Ollama model names include quantisation variants. The format ismodel:size-quant. Common options:

q4_0 — Smallest file; fastest; lowest quality. Use for very limited hardware.
q4_K_M — Best quality/speed trade-off at 4-bit. Default recommendation.
q5_K_M — Slightly better quality than Q4 at modest size increase.
q8_0 — Near-FP16 quality; requires twice the VRAM of Q4.
latest (default) — Ollama picks the best quantisation for your hardware.

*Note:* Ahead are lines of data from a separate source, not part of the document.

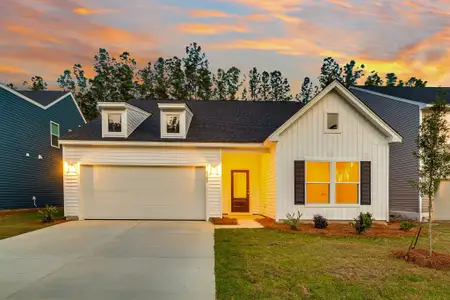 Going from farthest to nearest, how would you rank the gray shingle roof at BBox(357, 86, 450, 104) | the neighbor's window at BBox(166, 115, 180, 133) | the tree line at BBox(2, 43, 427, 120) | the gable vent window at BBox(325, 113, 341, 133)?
the tree line at BBox(2, 43, 427, 120) < the gray shingle roof at BBox(357, 86, 450, 104) < the neighbor's window at BBox(166, 115, 180, 133) < the gable vent window at BBox(325, 113, 341, 133)

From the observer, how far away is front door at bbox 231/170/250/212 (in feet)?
47.0

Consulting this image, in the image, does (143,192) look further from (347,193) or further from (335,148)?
(347,193)

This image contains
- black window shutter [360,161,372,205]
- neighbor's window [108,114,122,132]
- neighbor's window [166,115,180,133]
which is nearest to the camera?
black window shutter [360,161,372,205]

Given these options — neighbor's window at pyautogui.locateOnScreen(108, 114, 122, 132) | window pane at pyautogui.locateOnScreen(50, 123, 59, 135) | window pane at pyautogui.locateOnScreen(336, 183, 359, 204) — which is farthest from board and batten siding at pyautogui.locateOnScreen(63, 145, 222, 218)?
window pane at pyautogui.locateOnScreen(50, 123, 59, 135)

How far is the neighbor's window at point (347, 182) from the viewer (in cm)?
1172

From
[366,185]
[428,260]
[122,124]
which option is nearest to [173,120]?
[122,124]

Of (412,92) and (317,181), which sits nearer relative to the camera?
(317,181)

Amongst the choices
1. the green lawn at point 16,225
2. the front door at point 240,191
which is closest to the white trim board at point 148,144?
the front door at point 240,191

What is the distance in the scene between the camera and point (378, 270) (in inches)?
217

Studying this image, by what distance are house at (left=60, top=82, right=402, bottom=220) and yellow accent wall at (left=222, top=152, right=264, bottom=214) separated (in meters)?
0.58

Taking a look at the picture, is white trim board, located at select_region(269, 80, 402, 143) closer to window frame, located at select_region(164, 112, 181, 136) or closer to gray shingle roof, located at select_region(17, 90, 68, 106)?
window frame, located at select_region(164, 112, 181, 136)

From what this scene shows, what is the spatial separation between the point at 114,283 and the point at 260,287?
2326mm

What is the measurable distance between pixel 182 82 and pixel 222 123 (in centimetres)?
1835

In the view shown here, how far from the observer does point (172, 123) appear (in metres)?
12.8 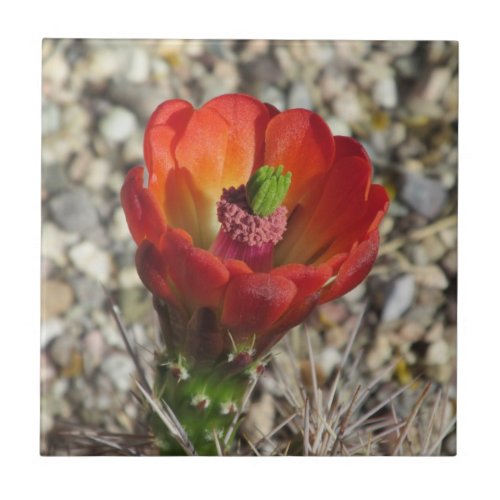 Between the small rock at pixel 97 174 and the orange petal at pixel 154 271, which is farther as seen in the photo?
the small rock at pixel 97 174

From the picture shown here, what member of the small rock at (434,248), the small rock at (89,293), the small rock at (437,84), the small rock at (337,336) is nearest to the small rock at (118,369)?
the small rock at (89,293)

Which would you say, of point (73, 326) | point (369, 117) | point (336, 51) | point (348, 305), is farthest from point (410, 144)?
point (73, 326)

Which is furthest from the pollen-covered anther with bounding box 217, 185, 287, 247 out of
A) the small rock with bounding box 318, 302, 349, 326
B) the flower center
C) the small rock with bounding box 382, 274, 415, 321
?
the small rock with bounding box 382, 274, 415, 321

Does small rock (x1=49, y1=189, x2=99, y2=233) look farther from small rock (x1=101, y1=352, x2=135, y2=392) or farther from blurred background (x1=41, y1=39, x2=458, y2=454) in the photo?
small rock (x1=101, y1=352, x2=135, y2=392)

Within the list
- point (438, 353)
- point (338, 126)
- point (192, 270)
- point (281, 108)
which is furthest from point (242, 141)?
point (438, 353)

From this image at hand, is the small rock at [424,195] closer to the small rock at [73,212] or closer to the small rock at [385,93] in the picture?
the small rock at [385,93]

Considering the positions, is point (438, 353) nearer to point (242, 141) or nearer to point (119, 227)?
point (242, 141)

# Pull specific quantisation:
ollama pull llama3.1:8b-instruct-q4_K_M
ollama pull llama3.1:70b-instruct-q4_0

Performance by Hardware

Hardware	Llama 3.1 8B (Q4)	Llama 3.1 70B (Q4)
M1 MacBook Pro (16GB)	~50–80 tokens/sec	CPU only, ~5–10 tok/sec
M3 Max Mac Studio (64GB)	~150–200 tokens/sec	~30–50 tokens/sec
RTX 3080 (10GB VRAM)	~120–160 tokens/sec	Partial GPU offload
RTX 4090 (24GB VRAM)	~200–250 tokens/sec	~60–80 tokens/sec (with RAM offload)

Modelfile: Custom Models

Modelfiles let you create custom model variants with baked-in system prompts, temperature settings, or base model overrides:

FROM llama3.1

SYSTEM """
You are a Python expert. All your responses must include working code.
Always explain what the code does after the code block.
"""

PARAMETER temperature 0.3
PARAMETER num_ctx 4096

ollama create mymodel -f ./Modelfile
ollama run mymodel

Key Integrations

Open WebUI — ChatGPT-style UI for Ollama models;docker run -p 3000:8080 ghcr.io/open-webui/open-webui:ollama
LangChain / LlamaIndex — Both have native Ollama integrations for building RAG and agent applications
Continue.dev — VS Code extension; use Ollama as a local coding assistant (Copilot alternative)
Docker — Run Ollama in a container for reproducible environments:docker run -v ollama:/root/.ollama -p 11434:11434 ollama/ollama

Checklist: Do You Understand This?

How do you install Ollama and pull your first model?
What does the OpenAI-compatible API mean in practice for your existing code?
What is the recommended default quantisation for a balance of quality and speed?
How do you create a custom Modelfile and what can you configure in it?
Name two Ollama integrations for building chat UIs or RAG applications.